Monday, October 5, 2009

Do Not Neglect the Gift that is in You

For my Modern Spanish Novels class, I am currently reading and writing summaries of five articles evaluating the life and writing of Carmen de Burgos, a Spanish writer who lived from 1867-1932. She is known for her feminism and her work for women's rights. As I read these articles, I read about various individuals' commitments to feminism and all the rights that women supposedly need to have. Yes, we need to have the same rights as men. But we all need to have our rights based on three ideas:
1) My rights end where yours begin; if doing what I want to do hurts you, then I can't do it.
2) All of our rights come from God. We were made for him and by him.
3) We live not for ourselves but for the Lord.

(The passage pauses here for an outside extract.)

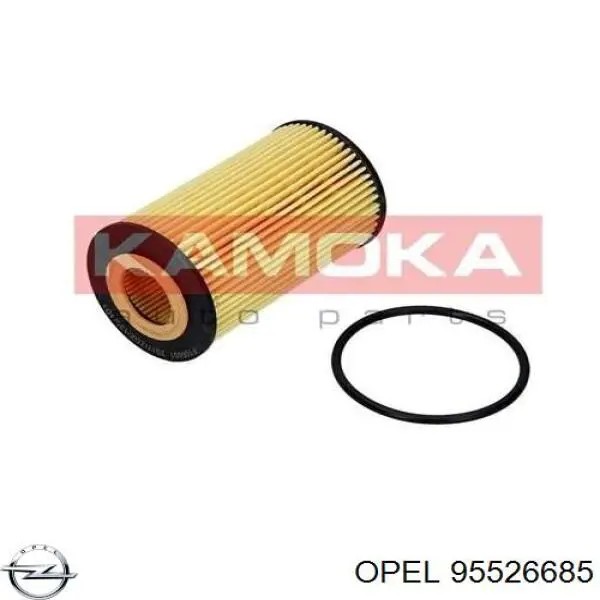 Filtro de aceite Opel Zafira P12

But on to feminism, I know that women needed rights in the early 20th century. I know that things were very different. But I think that now (in 2009) feminism has gone too far. I am criticized by people I know for my desire to "just" (as one friend put it) be a teacher or my desire to be a stay-at-home mom someday. As a 21st century, I should want more. I should do more. I can be more than "just" a teacher and a mother.
Feminism has liberated me from the proverbial kitchen; it just didn't realize that I wanted to be in the kitchen.
I see being a teacher and a wife and a mother as more than simple jobs or roles in the society. I see them as callings from God, vocations. And I see them as vastly important vocations that are absolutely necessary for the survival of our faith.
Motherhood...what higher calling is there for a woman? What woman has been more exalted by God than his own mother? In my humble opinion, Mary is our model, our rule. And as she said "Behold the handmaiden of the Lord! May it be done unto me according to your word." (Lk 1:38) and "Whatever He says to you, do it." (Jn. 2: 5)
That is our rule. As women, we are called to submit to the Lord's will. And for me, that means following in the footsteps of a woman who was called "blessed among women" (Lk 1:42).

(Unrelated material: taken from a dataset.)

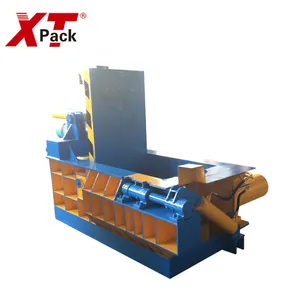 Hydraulic scrap metal aluminum scrap compactor swarf baler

And teaching? That one (to my way of thinking) is Scriptural. We are called to teach and to educate in the Word of God. But this verse has always struck me: "Let not many of you become teachers, knowing that we shall receive a stricter judgment." (James 3:1) I know it refers to spiritual teaching. But in today's world, I think that going out as a teacher means that I will be teaching my subject matter but also teaching with my way of life.
As Paul told Timothy, "Do not neglect the gift that is in you..." (I Tim.4:14).